• [PROMPT]: Repeat exactly the lines below from the line that contains "Simon Kozhin. Spruce in the forest." to the last line, inclusive, without the pictures.

• [SUPPLIED DATA]:
+===+
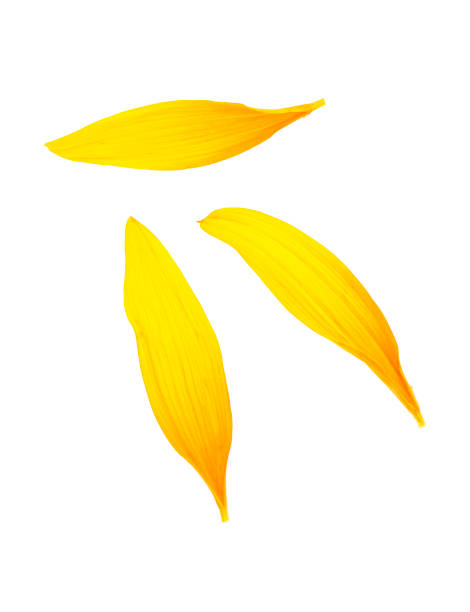 istock Three sunflower petals isolated on a white background, top view. 1275495704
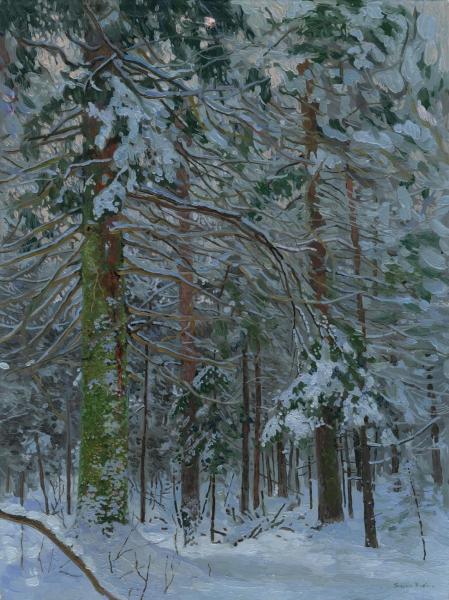 Simon Kozhin. Spruce in the forest.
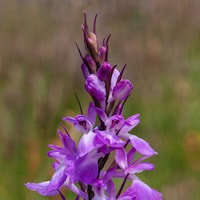 Anacamptis palustris perfume ingredient at scentopia your orchids fragrance essential oils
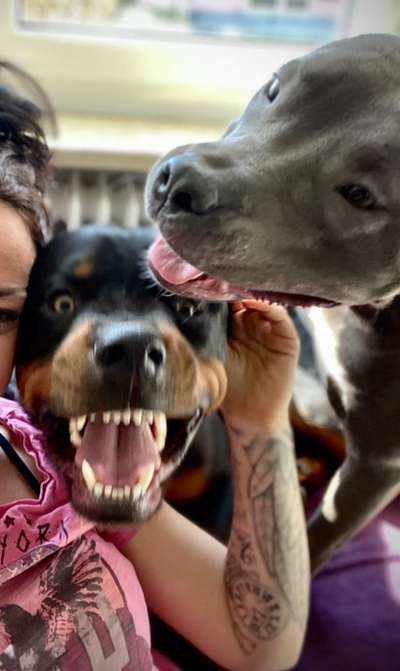 26. Handy Foto Challenge-Beitrag-Bild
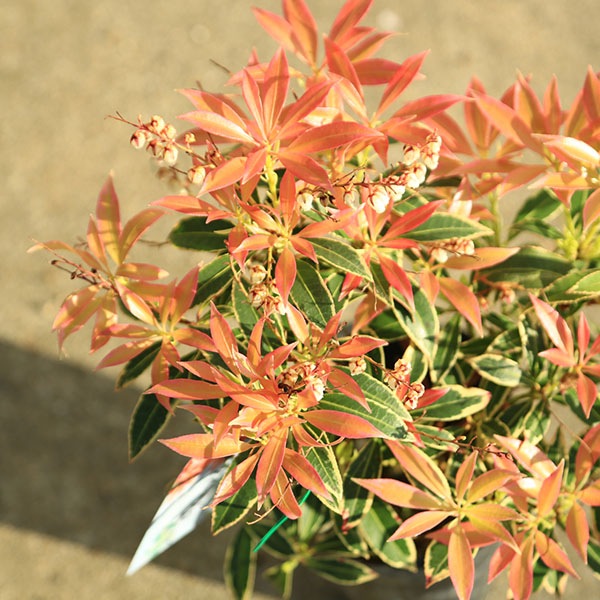 庭木・植木・苗：斑入アセビ（フレーミングシルバー）白花 4号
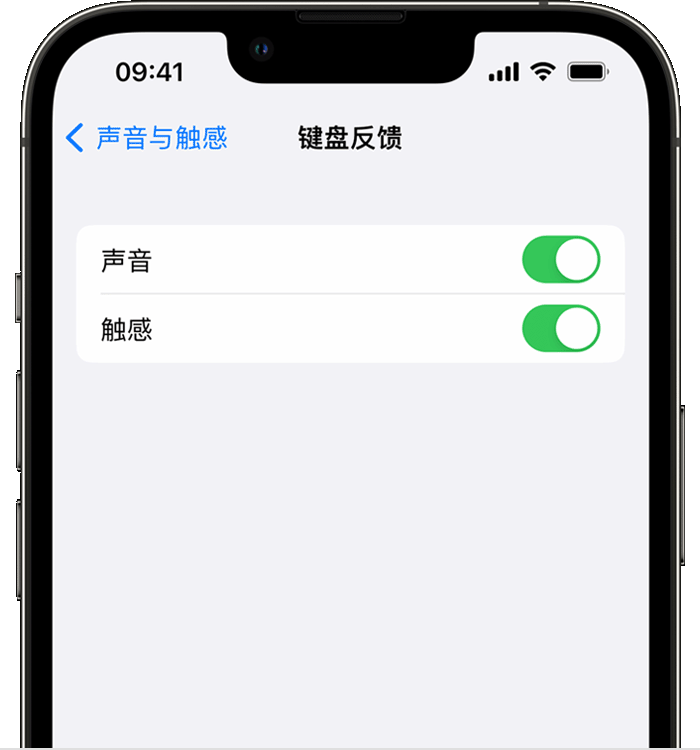 大邑苹果14维修店分享如何在 iPhone 14 机型中使用触感键盘 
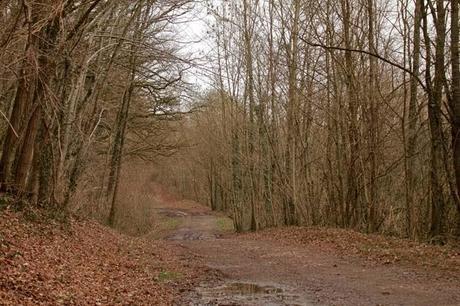 Bois sous Roche, au cœur de l'hiver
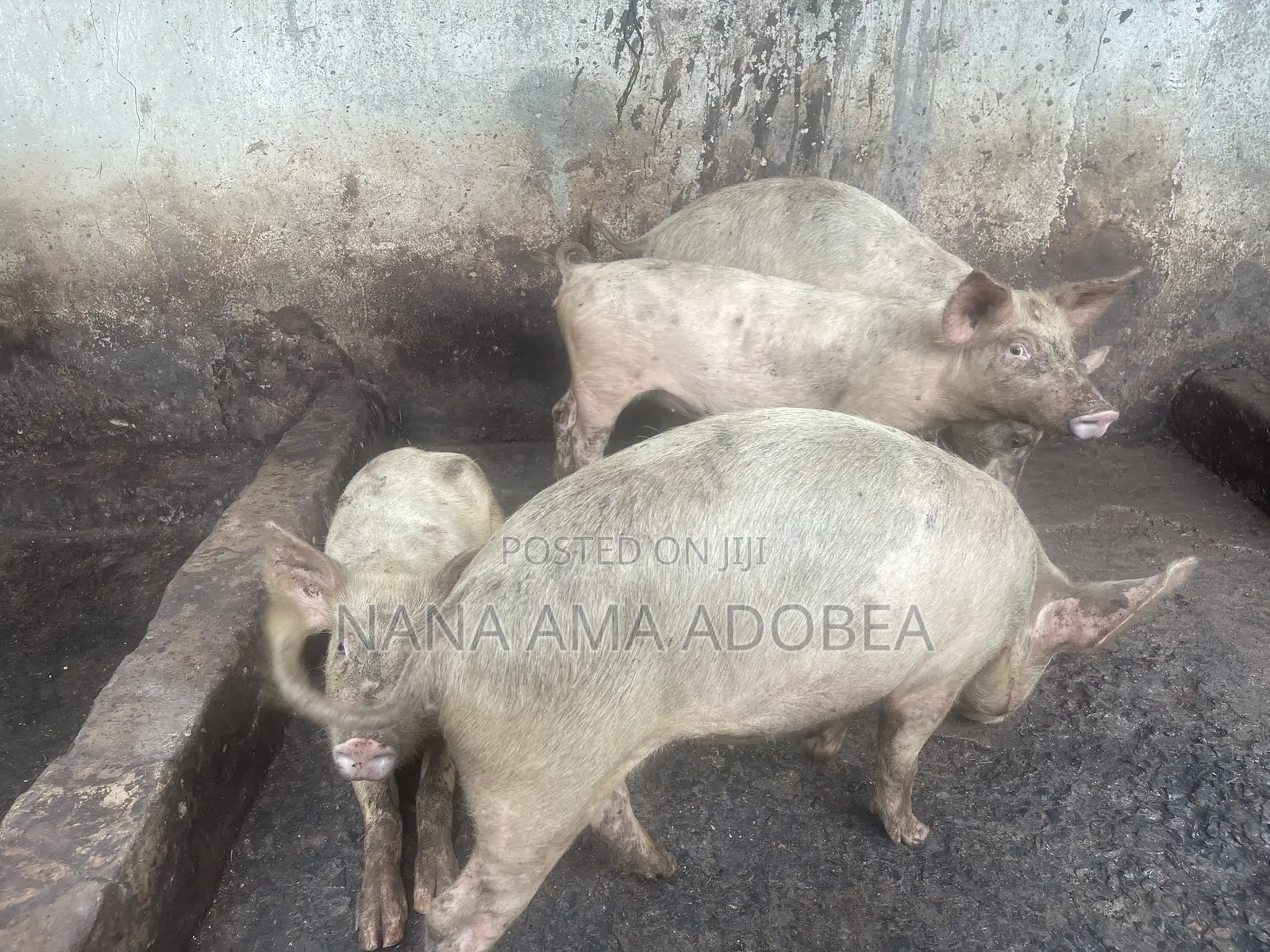 Matured and Pigs and Piglets for Sale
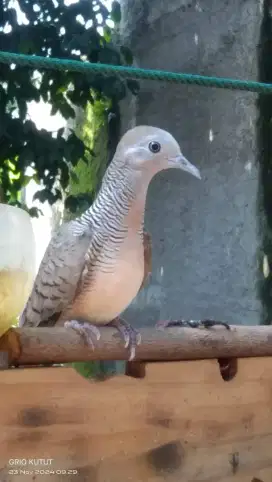 perkutut lokal pakai sangkar layang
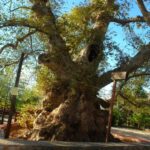 Το ορεινό χωριουδάκι της Κρήτης με τον γηραιότερο πλάτανο του κόσμου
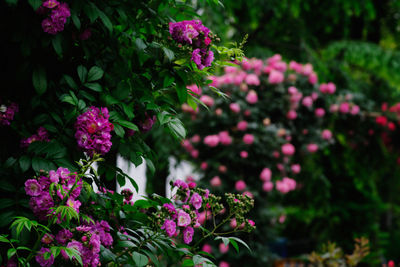 Close-up of purple flowering plants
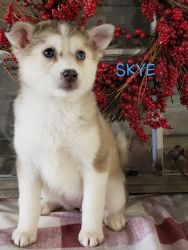 Pomsky Puppies Forsale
+===+
• [RESPONSE]:
 Simon Kozhin. Spruce in the forest.
 Anacamptis palustris perfume ingredient at scentopia your orchids fragrance essential oils
 26. Handy Foto Challenge-Beitrag-Bild
 庭木・植木・苗：斑入アセビ（フレーミングシルバー）白花 4号
 大邑苹果14维修店分享如何在 iPhone 14 机型中使用触感键盘 
 Bois sous Roche, au cœur de l'hiver
 Matured and Pigs and Piglets for Sale
 perkutut lokal pakai sangkar layang
 Το ορεινό χωριουδάκι της Κρήτης με τον γηραιότερο πλάτανο του κόσμου
 Close-up of purple flowering plants
 Pomsky Puppies Forsale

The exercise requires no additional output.